AT-AT transforms into AT-AT Driver
30th Anniversary Collection Star Wars Transformers
Item No.: Asst. 85772 No. 87450
Includes: Figure pilot, firing projectile, launcher
Action Feature: Transforms from AT-AT to AT-AT Driver and back again, firing missile
Availability: Late 2007
Bio: Wherever the Empire's enemies dig in, this AT-AT is sure to show up, sooner or later. Armored against all but the most powerful weapons, it is nearly invincible in vehicle mode. When the Rebels bring out the really big lasers, though, the driver triggers the special command that turns his walker into a massive assault robot! (Taken from the figure's cardback.)
Image: Adam Pawlus' TV tray.
Commentary: There's nothing particularly wrong with this AT-AT, but well, it's not like it's super awesome either. In "robot" mode, the figure is actually surprisingly decent. While the head sculpt is very weak being that it feels fairly undefined and fuzzy, the body is pretty decent. Unfortunately, in Transformers toys, the head is where a lot of the personalty comes from-- you could have a toy that's essentially a brick, but slap a decent head on it and the whole thing comes out looking pretty decent. This figure just doesn't benefit from its little helmet, but the robot mode does benefit from some of the best arms seen in any line of Transformers. Typically, you're lucky to get an articulated elbow, but each arm has a joint at the wrists, the elbows, the shoulders, the forearms, and the biceps. That's pretty handy! The vehicle legs turn into the robot legs, and they feature ball joints for enhanced posability. I should point out that the legs are pretty thin, and you'll need to make the most out of their range of movement to prevent gravity from dragging down the robot. It's also worth noting that, unlike many other toys in this line, you can actually store the pilot figure in the chest while in robot mode.

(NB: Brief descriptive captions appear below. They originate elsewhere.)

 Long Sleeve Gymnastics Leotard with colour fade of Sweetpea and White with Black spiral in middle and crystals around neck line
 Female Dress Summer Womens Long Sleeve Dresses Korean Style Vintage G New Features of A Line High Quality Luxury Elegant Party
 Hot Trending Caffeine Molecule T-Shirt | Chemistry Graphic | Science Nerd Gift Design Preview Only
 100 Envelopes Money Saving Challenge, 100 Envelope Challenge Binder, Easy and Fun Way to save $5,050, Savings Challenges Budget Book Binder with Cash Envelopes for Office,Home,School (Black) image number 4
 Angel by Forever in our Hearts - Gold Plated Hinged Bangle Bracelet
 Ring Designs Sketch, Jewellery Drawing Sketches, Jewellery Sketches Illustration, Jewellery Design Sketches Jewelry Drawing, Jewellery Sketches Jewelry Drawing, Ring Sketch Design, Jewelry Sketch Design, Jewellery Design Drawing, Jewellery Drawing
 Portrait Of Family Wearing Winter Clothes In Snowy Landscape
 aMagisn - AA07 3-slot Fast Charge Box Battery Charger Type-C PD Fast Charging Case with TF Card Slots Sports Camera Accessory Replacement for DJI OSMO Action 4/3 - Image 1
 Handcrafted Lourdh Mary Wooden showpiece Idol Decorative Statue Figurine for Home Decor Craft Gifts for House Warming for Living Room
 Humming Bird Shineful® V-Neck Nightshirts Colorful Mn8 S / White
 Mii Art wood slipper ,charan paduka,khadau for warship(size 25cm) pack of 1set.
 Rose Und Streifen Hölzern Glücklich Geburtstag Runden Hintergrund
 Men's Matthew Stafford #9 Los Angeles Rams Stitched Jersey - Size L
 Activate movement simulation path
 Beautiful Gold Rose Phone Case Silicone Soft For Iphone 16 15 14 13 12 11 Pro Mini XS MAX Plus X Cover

The vehicle is very decent. It's hard to do the AT-AT wrong, and this version looks a lot like the Action Fleet ship, or the Structors model, or any of a number of AT-AT toys released since the 1980s. The single most distinctive thing about this figure is that its front legs have articulated "toes"-- if you decide to pose the vehicle in a walking mode, that means it looks like they're hanging down a little. That's a really nice feature, especially considering it doesn't add to the articulation or the toy's function in any way. Heck, even the big Hasbro and Kenner versions never had that, so I gotta say good job to the designers. Each leg has a knee joint, which is nice, plus the head can pivot and telescopes in and out a little. Hasbro also did a great job painting up the body to look a little dirty and used, while the legs are unpainted and pristine. It's an inconsistent look, but at least it's decent. Finally, the AT-AT's chin guns can be detached and used as a hand blaster. Oh, and if you didn't see the picture, you can pop open the head and place the pilot inside.
As Transformers toys go, the Star Wars line has always been a little weaker than the Autobots and Decepticons as a rule. This is probably in part due to how you can't really adjust the proportions of the Lucasverse vehicles too much, but this one does seem to work as a transforming toy pretty well. I wasn't sorry I got this one, although I have shelves of toys from Armada, Energon, Cybertron, Beast Wars, and more that cost less and are more fun than this one was.
Collector's Notes: The entire Star Wars Transformers line is notable in that nothing ever goes away. It's possible a few might vanish this year, but since its introduction nearly every single item has been kept in circulation so (heaven forbid) people can actually buy them. You can probably get this at your favorite local toy store right now.